まず、珪酸カルシウムの成型体〔宇部興産(株)製、登録商標;ウッディセラム〕を用いて、図2(a)に示すような絶縁性型枠11を機械加工(NCルーター)によって作製した。珪酸カルシウムの成型体は上述したように不燃、低熱伝導率、軽量、さらには加工性が良いなどの特徴を有するため、熱電変換モジュールの絶縁性型枠として好適である。ここで示す珪酸カルシウムの成型体の製造方法は、例えば、特開昭62−1235053号公報や特開平3−3635号公報に詳しく記述されている。
【0040】
次に、Bi2Te3系熱電素子を次のようにして作製した。まず、原子比でBi0.3 Sb1.7 Te3 (p型)、Bi2 Te2.4 Se0.6 (n型)となるように各原料を秤量した。

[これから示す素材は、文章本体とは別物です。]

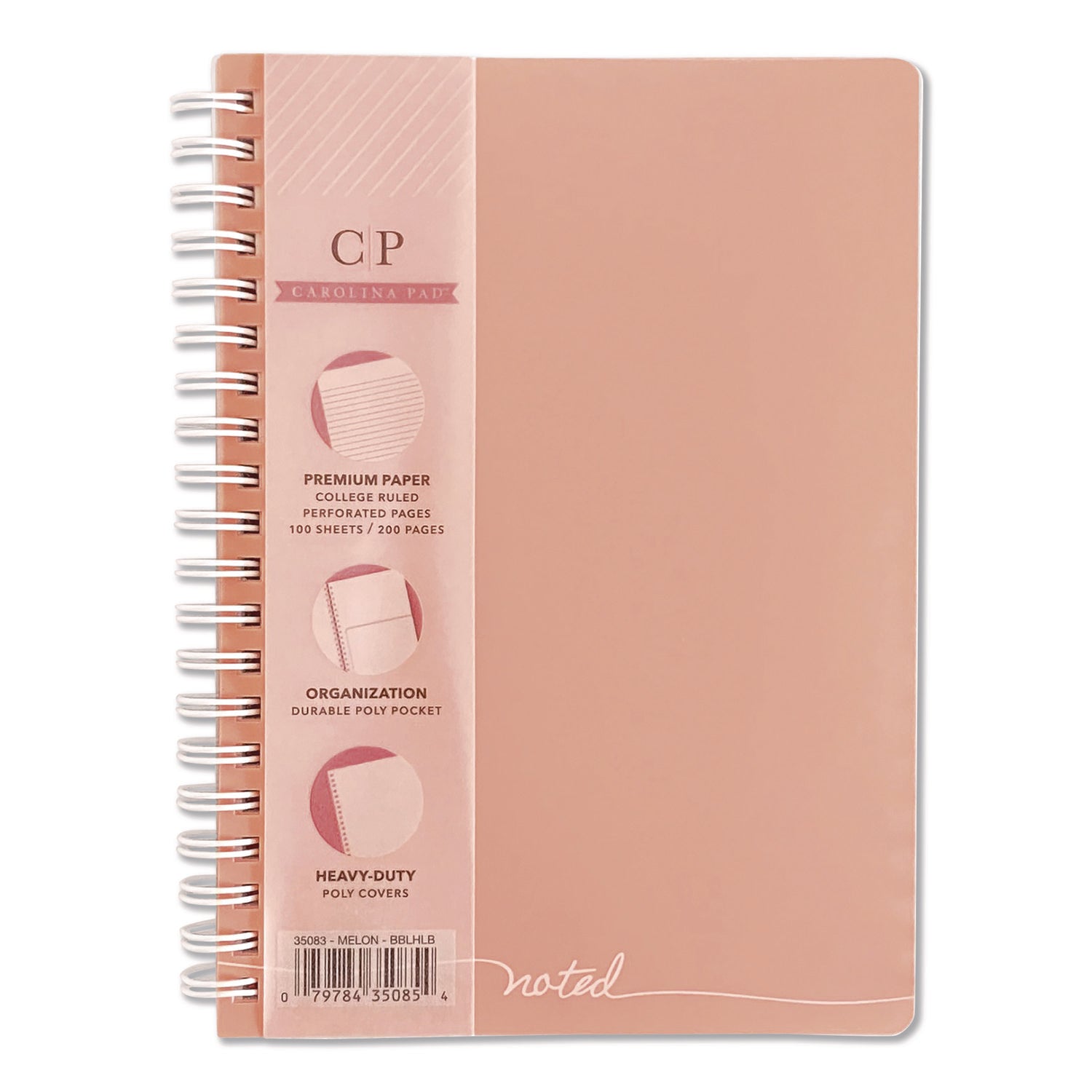 Noted Personal Notebook, Medium/College Rule, Randomly Assorted Cover Color, (100) 7 x 5 Sheets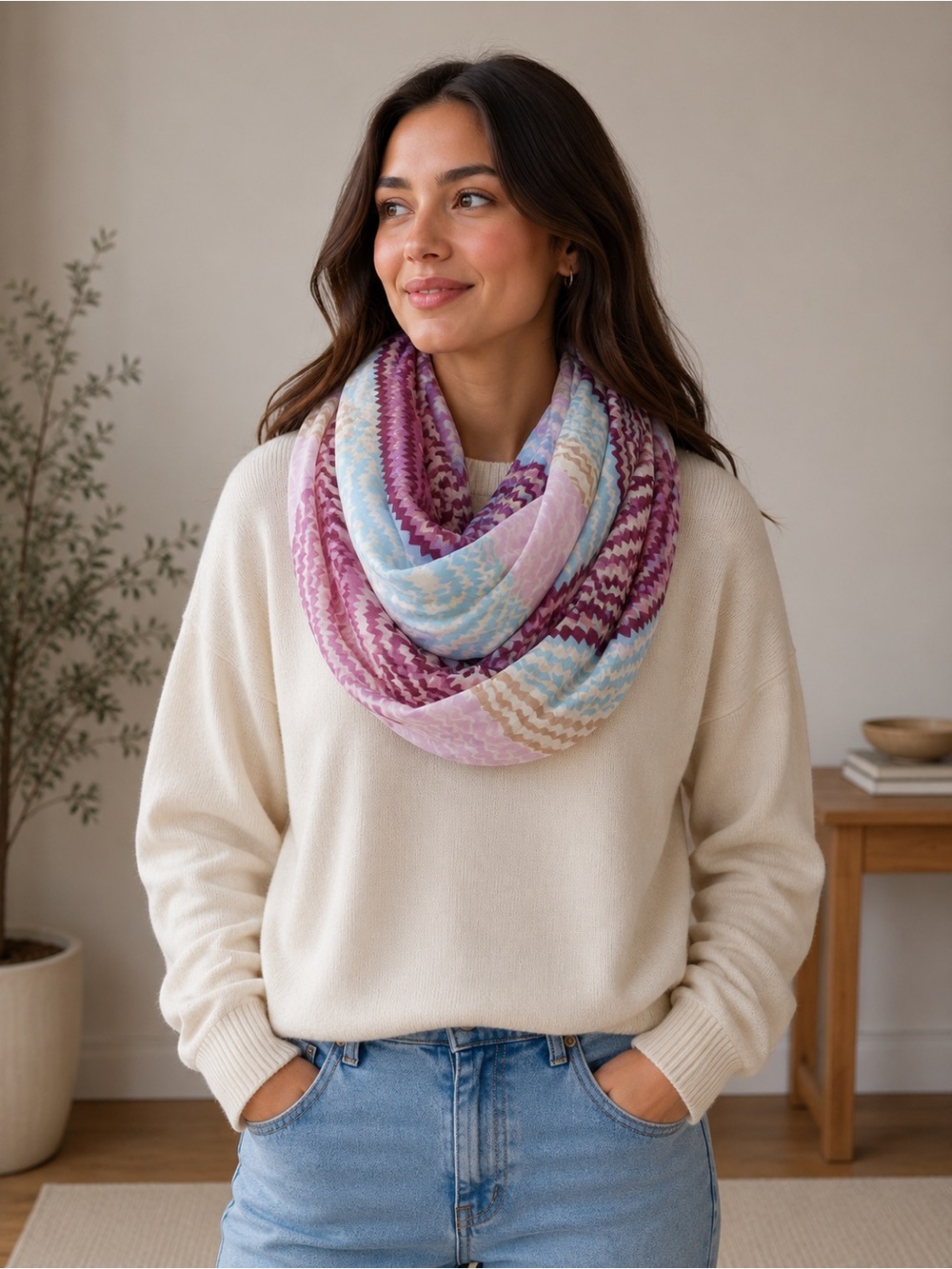 Multicolor Knit Scarf - Pink, Blue & Cream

n型には、SbI3を0.1重量%添加し、キャリア密度の調整を行った。次に、これらの原料をガラス管に真空封入し、650℃で1時間溶融攪拌し、Bi2Te3系熱電材料を作製した。これらの熱電材料をスタンプミル及びボールミルで平均粒径10μm程度まで粉砕した後、390℃で12時間の還元処理を行った。得られた熱電材料粉末をホットプレスを用いて490℃で15分の焼結により熱電材料の焼結体を得た。得られた焼結体を薄切り盤、超音波加工機などを用いて円柱状の熱電素子(12φ×7mmh)を作製した。
【0041】
次に、p型熱電素子14とn型熱電素子15をサンドブラスト処理し表面を粗面化した後、図2(b)に示すように素子スペーサー18及び19を用いて絶縁性型枠に交互に配列した。次いで、図2(c)に示すように、熱電素子とアルミニウム溶射電極の密着強度を向上させるためプラズマ溶射によりニッケルアルミニウム(組成比ニッケル:アルミニウム=95:5)の下地層16を80μm程度の厚みで形成した後、その上に空隙率4%のアルミニウム溶射電極17を2mm程度の厚みで形成した。裏面のニッケルアルミニウム下地層とアルミニウム溶射電極の形成も同様にして行った。但し、素子スペーサーは裏面の溶射時には必要ない。
【0042】
次に、図2(d)に示すように、絶縁性型枠11の両面に形成されたアルミニウム溶射電極17を平面研削盤を用いて不要な部分を研削除去し、熱電変換モジュール10を作製した。この時、電極面の平面性を確保するために、絶縁性型枠も僅かに削り込んだ。
【0043】
以上のようにして作製した熱電変換モジュール(素子数15対、モジュール寸法80×150×10mm)を電気ヒーターと水冷板で挟み込み、低温面を30℃、高温面を230℃に設定することにより200℃温度差を印加し、発電特性の評価を行った。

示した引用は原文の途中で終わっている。